**Work task**
The entries below must be reproduced exactly; their pictures are not part of the copy.

Brief descriptive captions:
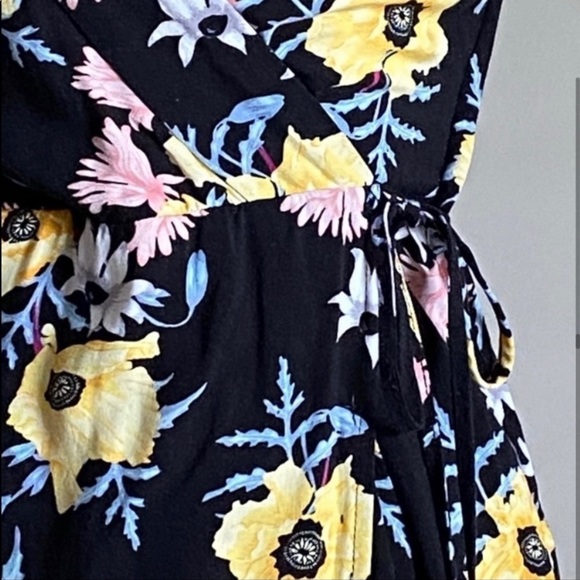 H&M Floral Dress Black Yellow Size 6 - Picture 4 of 6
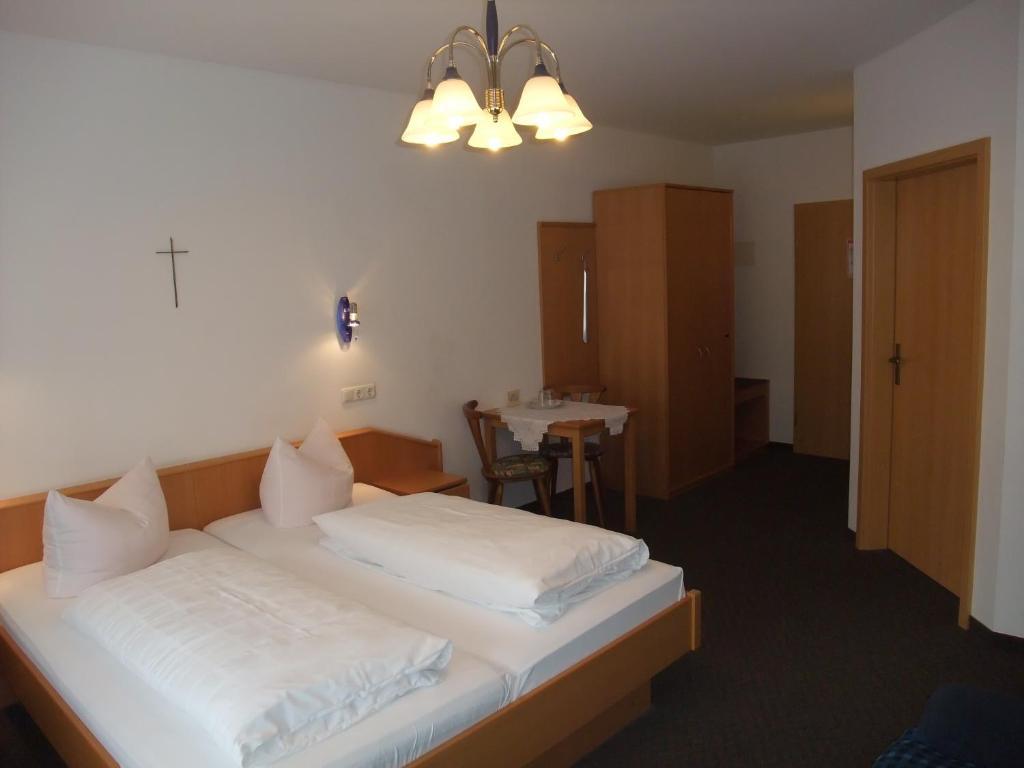 Obertrubach Gasthof Alte Post חדר תמונה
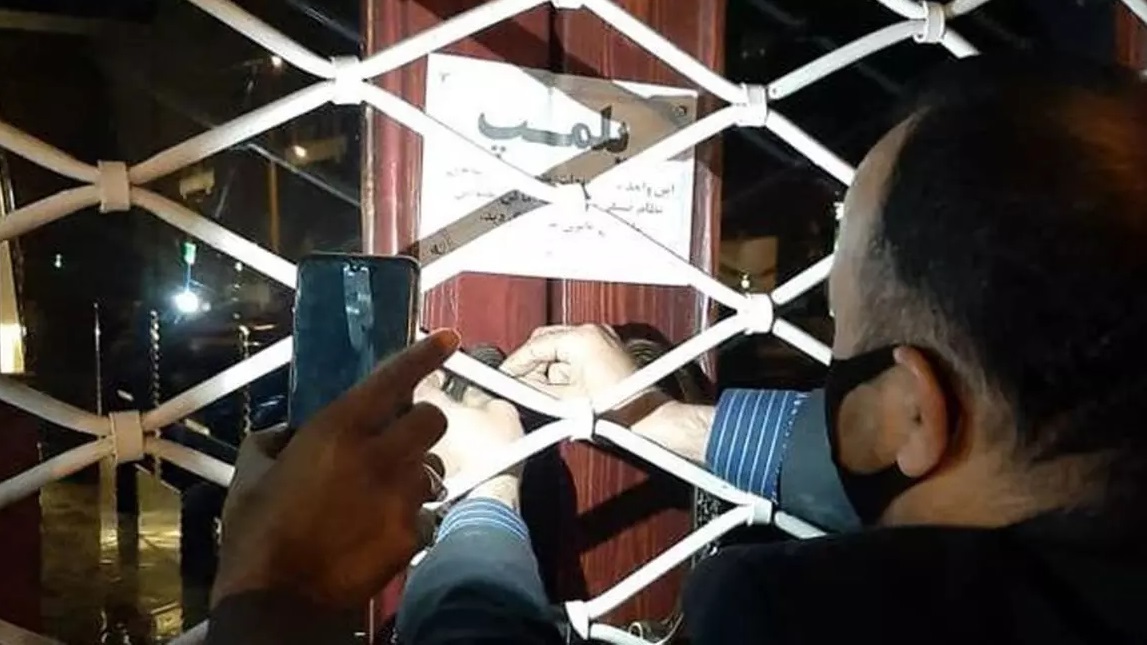 دادستان کاشمر: یک کافه که از مشتریانش خواسته بود با رقص وارد شوند، پلمب شد دادستان کاشمر: یک کافه که از مشتریانش خواسته بود با رقص وارد شوند، پلمب شد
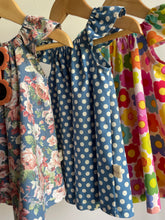 Size 00 Flutter Sleeve Dress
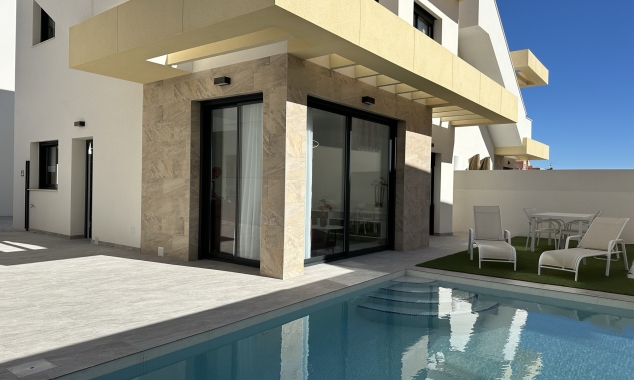 Villa for sale - Propriété neuve à vendre - Los Montesinos - ASKR58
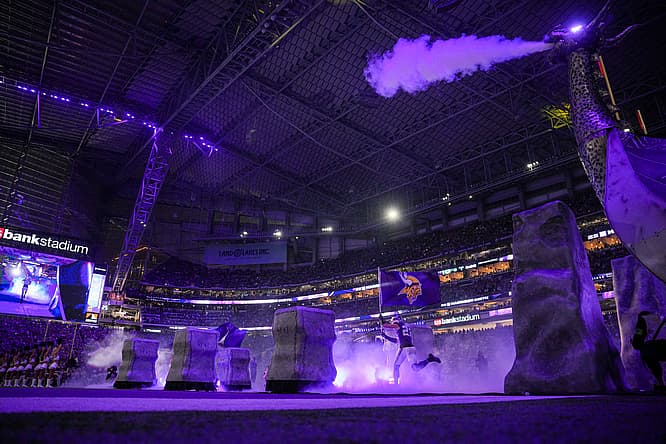Harrison Smith entering U.S. Bank Stadium before Vikings vs Packers game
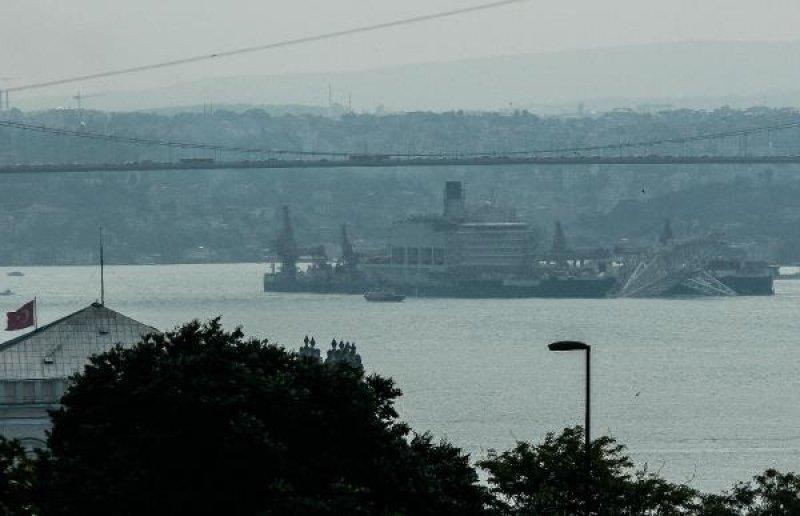 İstanbul Boğazı'ndan geçen dev boru döşeme gemisi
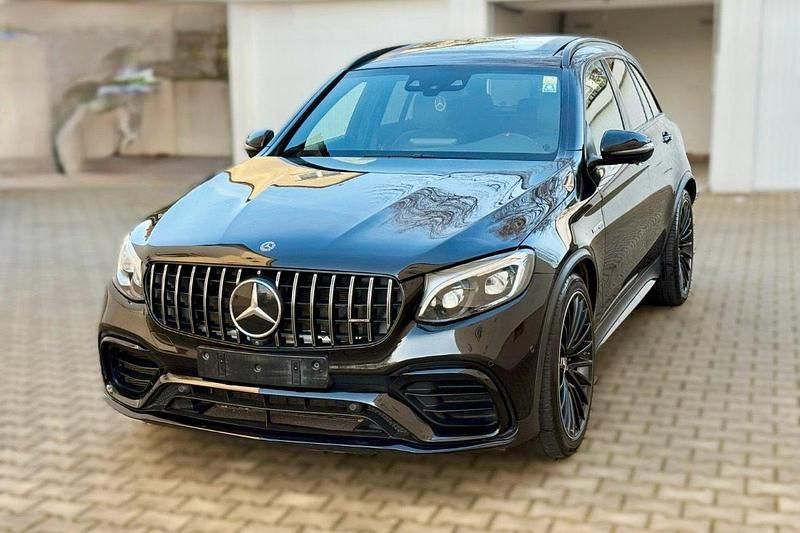 Schwarz Gebraucht 2019 Mercedes GLC63 AMG AMG SUV | 48.999 € (Superpreis) - Bild 1/4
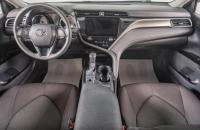 Toyota Camry 10 из 18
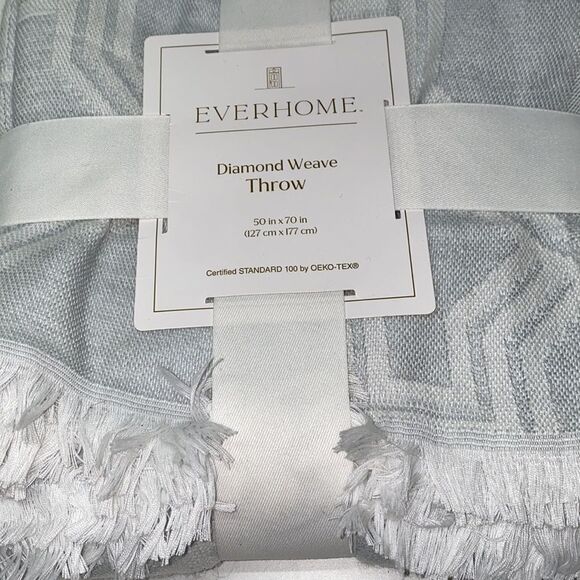 🔥EVER HOME DIAMOND WEAVE THROW 50 in x 70 in New - Picture 2 of 4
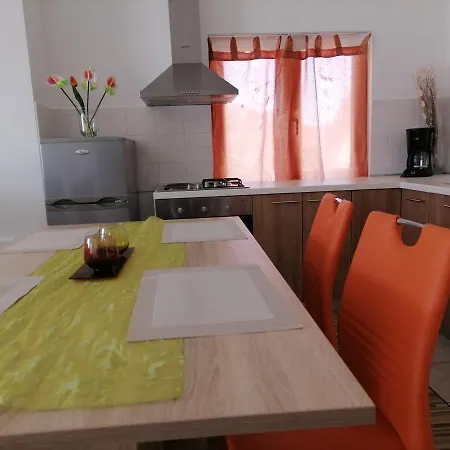 Apartment Ivana *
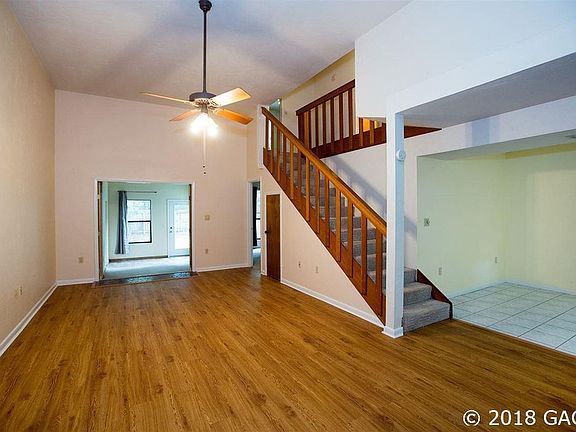 3rd image of 1627 NE 40th Pl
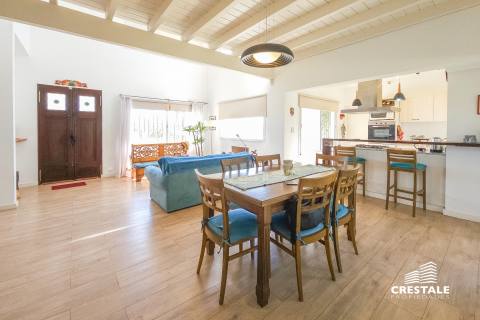 Casa 2 dormitorios en venta El Molino - Calle Pampero, Roldán. CHO6921015 Crestale Propiedades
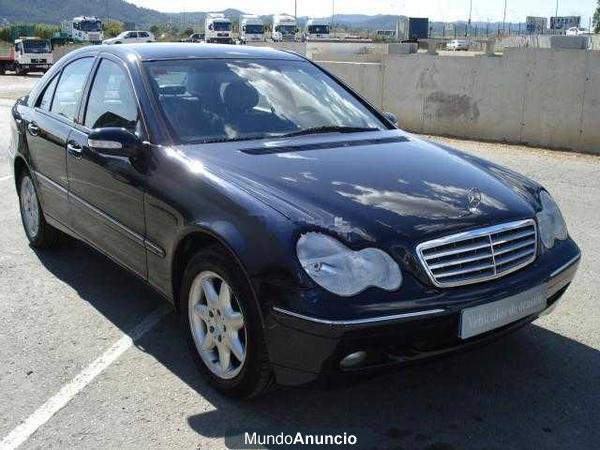 Mercedes-Benz C 240  Elegance LIBRO DE REVISI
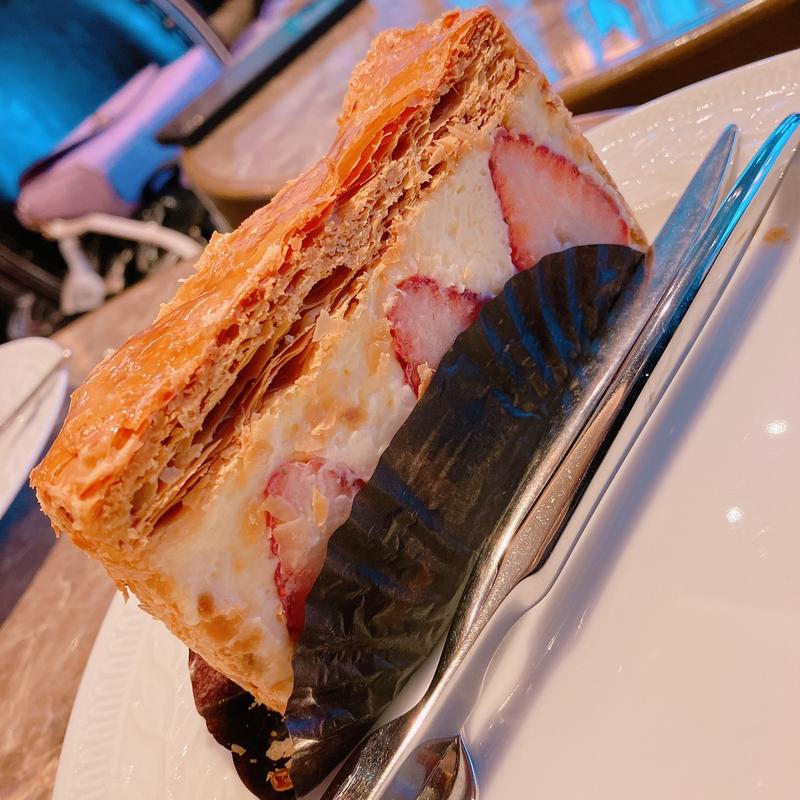 いちごのミルフィーユ(カフェ マルリー)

**Answer to this task**
 H&M Floral Dress Black Yellow Size 6 - Picture 4 of 6
 Obertrubach Gasthof Alte Post חדר תמונה
 دادستان کاشمر: یک کافه که از مشتریانش خواسته بود با رقص وارد شوند، پلمب شد دادستان کاشمر: یک کافه که از مشتریانش خواسته بود با رقص وارد شوند، پلمب شد
 Size 00 Flutter Sleeve Dress
 Villa for sale - Propriété neuve à vendre - Los Montesinos - ASKR58
Harrison Smith entering U.S. Bank Stadium before Vikings vs Packers game
 İstanbul Boğazı'ndan geçen dev boru döşeme gemisi
 Schwarz Gebraucht 2019 Mercedes GLC63 AMG AMG SUV | 48.999 € (Superpreis) - Bild 1/4
 Toyota Camry 10 из 18
 🔥EVER HOME DIAMOND WEAVE THROW 50 in x 70 in New - Picture 2 of 4
 Apartment Ivana *
 3rd image of 1627 NE 40th Pl
 Casa 2 dormitorios en venta El Molino - Calle Pampero, Roldán. CHO6921015 Crestale Propiedades
 Mercedes-Benz C 240  Elegance LIBRO DE REVISI
 いちごのミルフィーユ(カフェ マルリー)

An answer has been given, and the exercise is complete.